Material provided:
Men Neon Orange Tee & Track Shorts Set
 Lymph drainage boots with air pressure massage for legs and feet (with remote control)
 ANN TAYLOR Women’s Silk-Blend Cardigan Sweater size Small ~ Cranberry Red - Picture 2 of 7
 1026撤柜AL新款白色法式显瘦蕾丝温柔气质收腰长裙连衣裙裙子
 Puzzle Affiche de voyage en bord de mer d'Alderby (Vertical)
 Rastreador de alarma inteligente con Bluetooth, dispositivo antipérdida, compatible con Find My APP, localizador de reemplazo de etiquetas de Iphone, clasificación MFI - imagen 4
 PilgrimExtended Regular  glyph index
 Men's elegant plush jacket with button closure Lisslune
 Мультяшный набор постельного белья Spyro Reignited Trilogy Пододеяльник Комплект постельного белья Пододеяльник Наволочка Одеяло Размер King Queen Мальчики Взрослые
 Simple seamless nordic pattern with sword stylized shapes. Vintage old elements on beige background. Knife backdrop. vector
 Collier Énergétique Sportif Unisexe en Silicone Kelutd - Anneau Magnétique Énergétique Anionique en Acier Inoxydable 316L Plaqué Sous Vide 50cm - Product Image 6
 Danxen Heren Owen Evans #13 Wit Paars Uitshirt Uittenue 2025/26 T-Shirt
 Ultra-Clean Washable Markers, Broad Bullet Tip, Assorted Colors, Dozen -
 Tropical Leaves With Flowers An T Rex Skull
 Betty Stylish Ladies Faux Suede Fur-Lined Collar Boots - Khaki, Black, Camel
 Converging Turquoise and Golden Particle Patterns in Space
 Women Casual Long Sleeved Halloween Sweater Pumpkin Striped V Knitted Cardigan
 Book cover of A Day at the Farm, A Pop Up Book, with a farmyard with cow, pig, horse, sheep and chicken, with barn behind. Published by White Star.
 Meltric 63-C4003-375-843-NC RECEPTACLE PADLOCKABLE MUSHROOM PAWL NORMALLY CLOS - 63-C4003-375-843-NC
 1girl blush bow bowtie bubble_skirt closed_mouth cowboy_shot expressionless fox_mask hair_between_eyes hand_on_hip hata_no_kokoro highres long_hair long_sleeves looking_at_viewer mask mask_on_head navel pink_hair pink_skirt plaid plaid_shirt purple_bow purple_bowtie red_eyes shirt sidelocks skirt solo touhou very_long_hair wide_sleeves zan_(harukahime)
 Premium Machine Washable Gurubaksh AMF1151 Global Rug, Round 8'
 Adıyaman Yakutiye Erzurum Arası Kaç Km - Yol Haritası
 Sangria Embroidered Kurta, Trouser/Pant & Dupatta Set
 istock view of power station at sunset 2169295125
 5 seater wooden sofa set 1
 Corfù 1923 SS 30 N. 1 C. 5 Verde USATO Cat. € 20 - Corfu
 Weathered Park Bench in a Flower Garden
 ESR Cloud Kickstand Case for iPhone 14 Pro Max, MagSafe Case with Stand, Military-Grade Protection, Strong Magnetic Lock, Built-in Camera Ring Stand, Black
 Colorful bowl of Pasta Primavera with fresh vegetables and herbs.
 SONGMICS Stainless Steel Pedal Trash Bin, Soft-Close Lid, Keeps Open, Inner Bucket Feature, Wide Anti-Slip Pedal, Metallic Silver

Exercise: Repeat exactly the lines of the material from the one with "1girl blush bow" through the end, both the first and the last included.

Solution for this exercise:
 1girl blush bow bowtie bubble_skirt closed_mouth cowboy_shot expressionless fox_mask hair_between_eyes hand_on_hip hata_no_kokoro highres long_hair long_sleeves looking_at_viewer mask mask_on_head navel pink_hair pink_skirt plaid plaid_shirt purple_bow purple_bowtie red_eyes shirt sidelocks skirt solo touhou very_long_hair wide_sleeves zan_(harukahime)
 Premium Machine Washable Gurubaksh AMF1151 Global Rug, Round 8'
 Adıyaman Yakutiye Erzurum Arası Kaç Km - Yol Haritası
 Sangria Embroidered Kurta, Trouser/Pant & Dupatta Set
 istock view of power station at sunset 2169295125
 5 seater wooden sofa set 1
 Corfù 1923 SS 30 N. 1 C. 5 Verde USATO Cat. € 20 - Corfu
 Weathered Park Bench in a Flower Garden
 ESR Cloud Kickstand Case for iPhone 14 Pro Max, MagSafe Case with Stand, Military-Grade Protection, Strong Magnetic Lock, Built-in Camera Ring Stand, Black
 Colorful bowl of Pasta Primavera with fresh vegetables and herbs.
 SONGMICS Stainless Steel Pedal Trash Bin, Soft-Close Lid, Keeps Open, Inner Bucket Feature, Wide Anti-Slip Pedal, Metallic Silver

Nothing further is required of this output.